[Opening Data provided section]

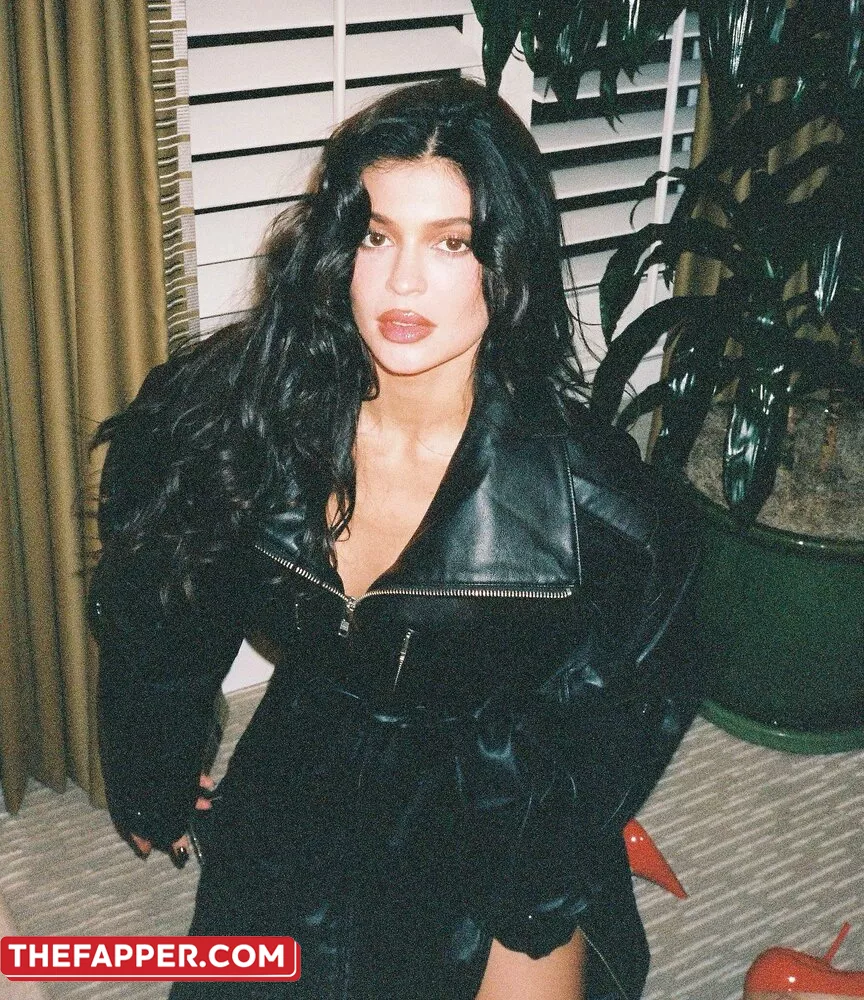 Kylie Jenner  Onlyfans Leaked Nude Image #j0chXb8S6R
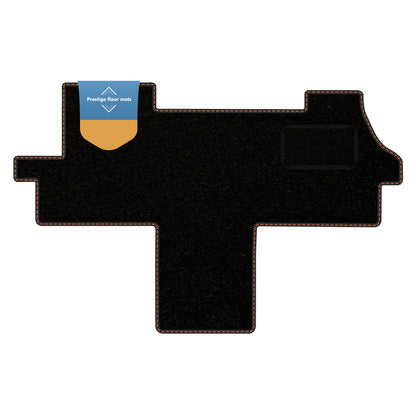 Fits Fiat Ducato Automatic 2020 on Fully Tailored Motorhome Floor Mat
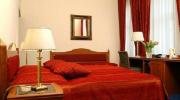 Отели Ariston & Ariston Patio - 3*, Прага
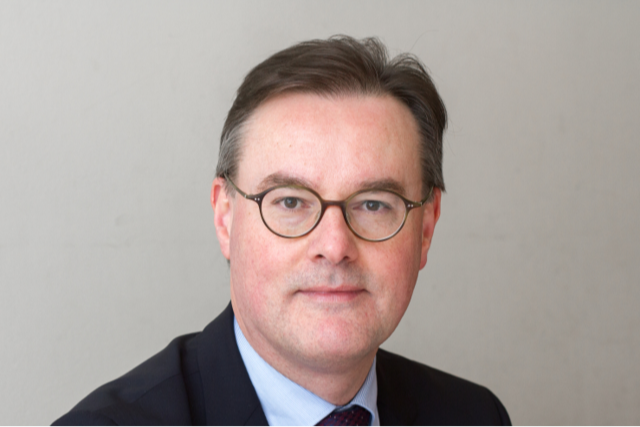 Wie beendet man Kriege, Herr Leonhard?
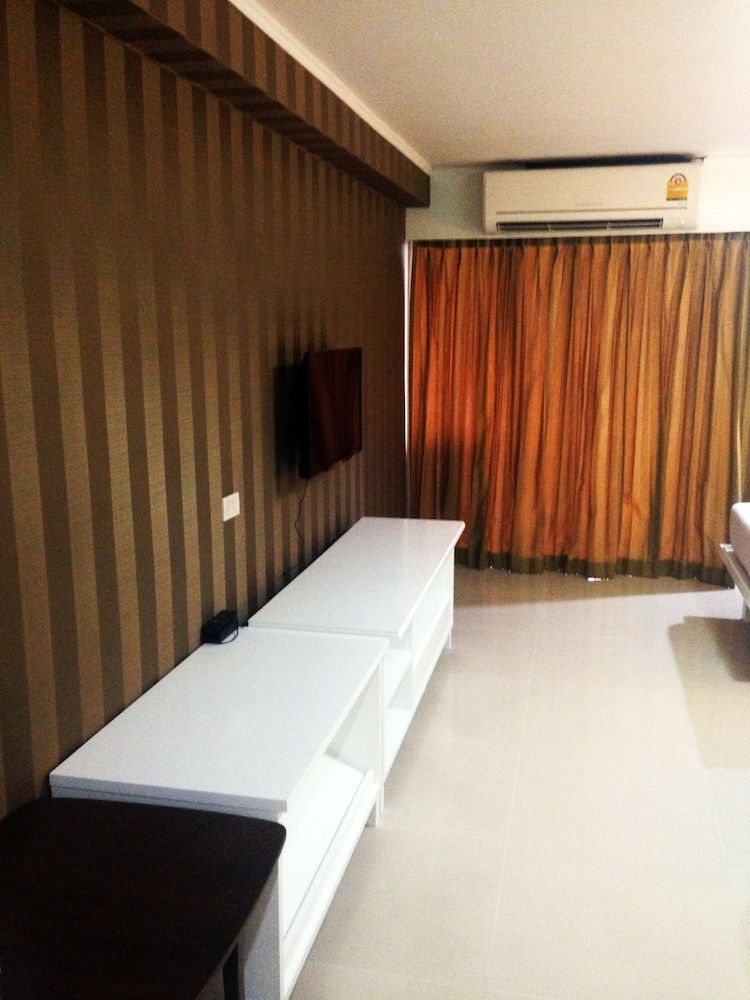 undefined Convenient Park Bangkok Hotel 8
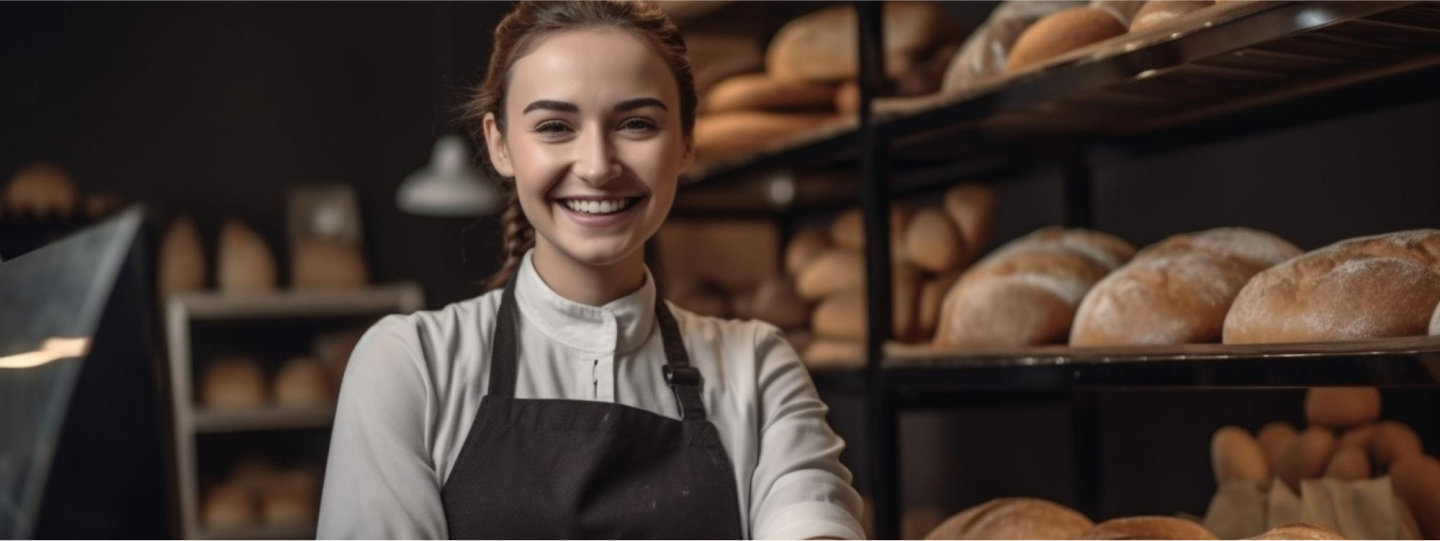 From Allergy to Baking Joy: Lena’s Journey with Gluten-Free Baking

[Closing Data provided section]
[Opening Data provided section]

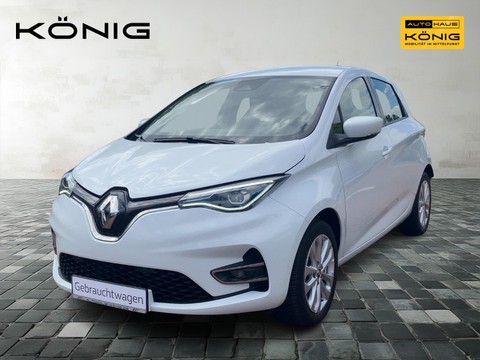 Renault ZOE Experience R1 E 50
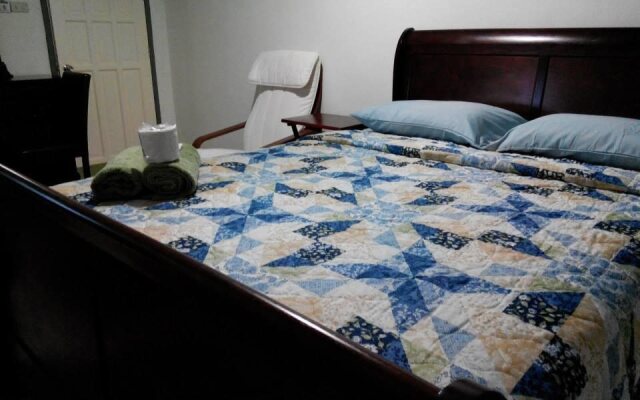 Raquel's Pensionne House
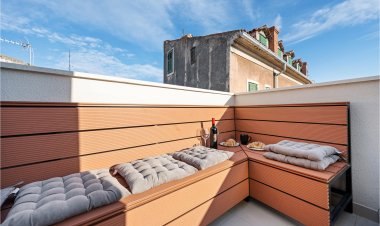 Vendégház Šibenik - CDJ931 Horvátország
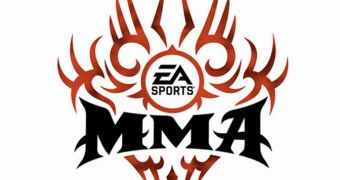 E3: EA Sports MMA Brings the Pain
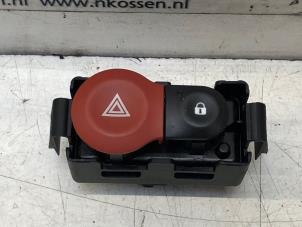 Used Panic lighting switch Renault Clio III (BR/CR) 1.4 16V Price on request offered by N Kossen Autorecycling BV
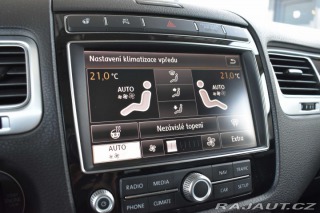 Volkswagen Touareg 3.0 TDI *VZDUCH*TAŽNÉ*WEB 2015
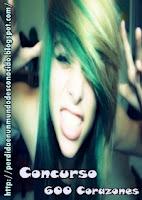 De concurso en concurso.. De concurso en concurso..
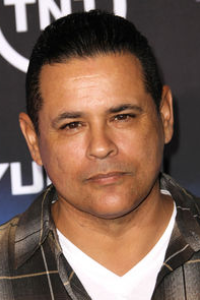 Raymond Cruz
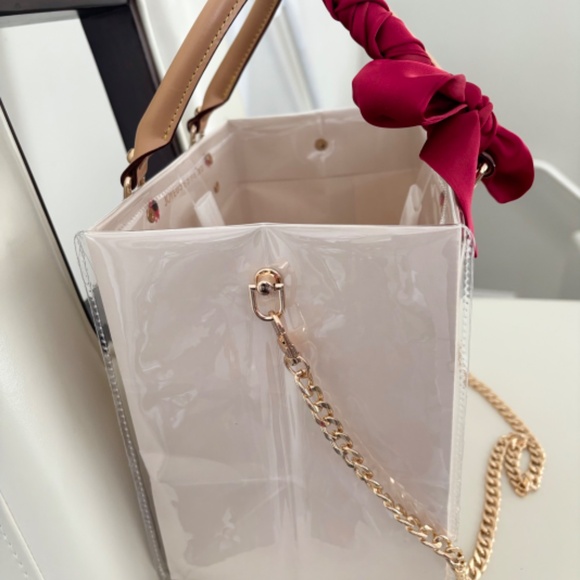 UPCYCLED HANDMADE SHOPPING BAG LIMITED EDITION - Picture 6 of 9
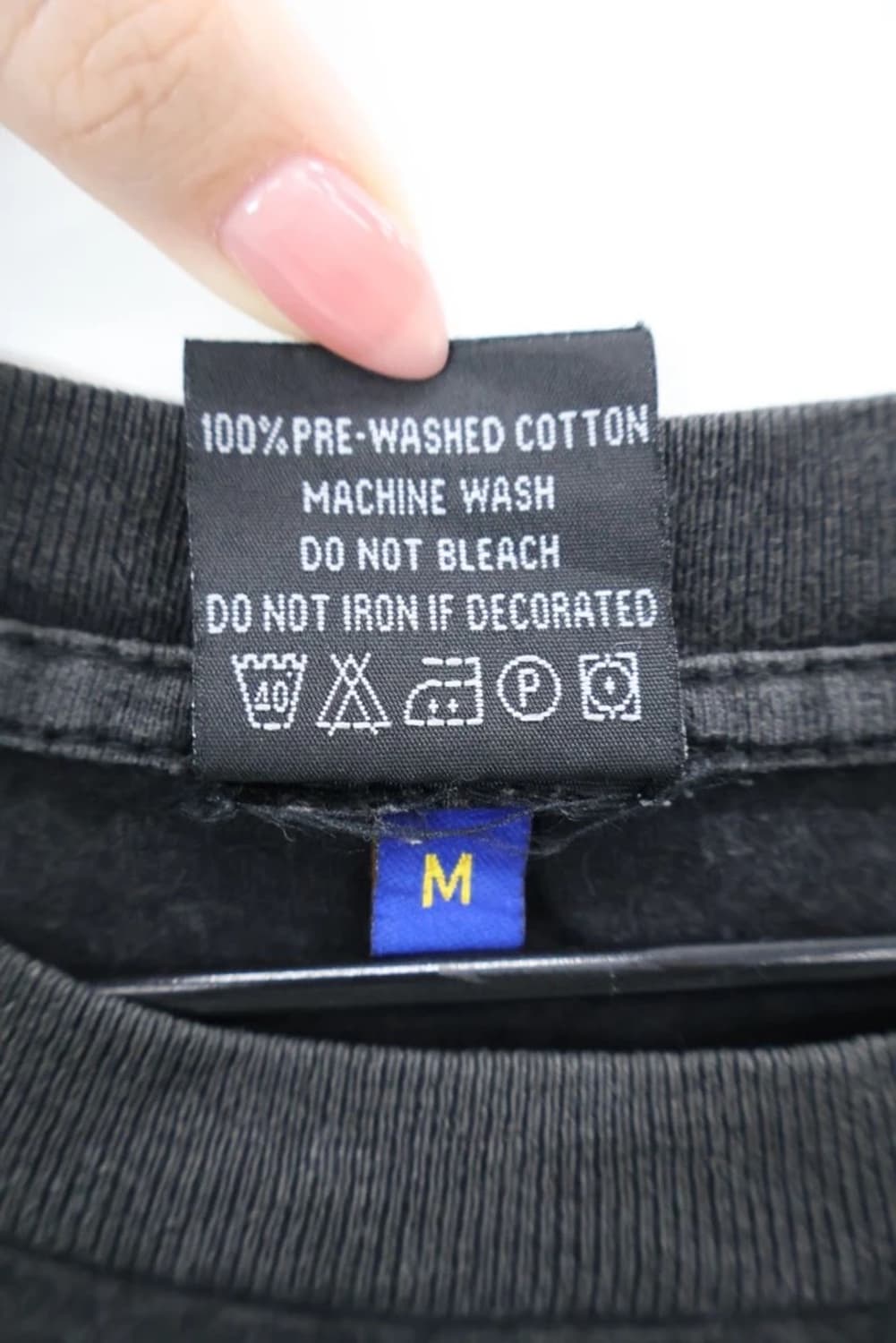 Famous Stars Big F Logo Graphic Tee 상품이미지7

[Closing Data provided section]

### Work task
Above this task is a listing with pictures in it. Retype only the lines from the one containing "Nude Image #j0chXb8S6R" through the one containing "From Allergy to", both included, and not the pictures.

### Exercise answer
 Kylie Jenner  Onlyfans Leaked Nude Image #j0chXb8S6R
 Fits Fiat Ducato Automatic 2020 on Fully Tailored Motorhome Floor Mat
 Отели Ariston & Ariston Patio - 3*, Прага
 Wie beendet man Kriege, Herr Leonhard?
 undefined Convenient Park Bangkok Hotel 8
 From Allergy to Baking Joy: Lena’s Journey with Gluten-Free Baking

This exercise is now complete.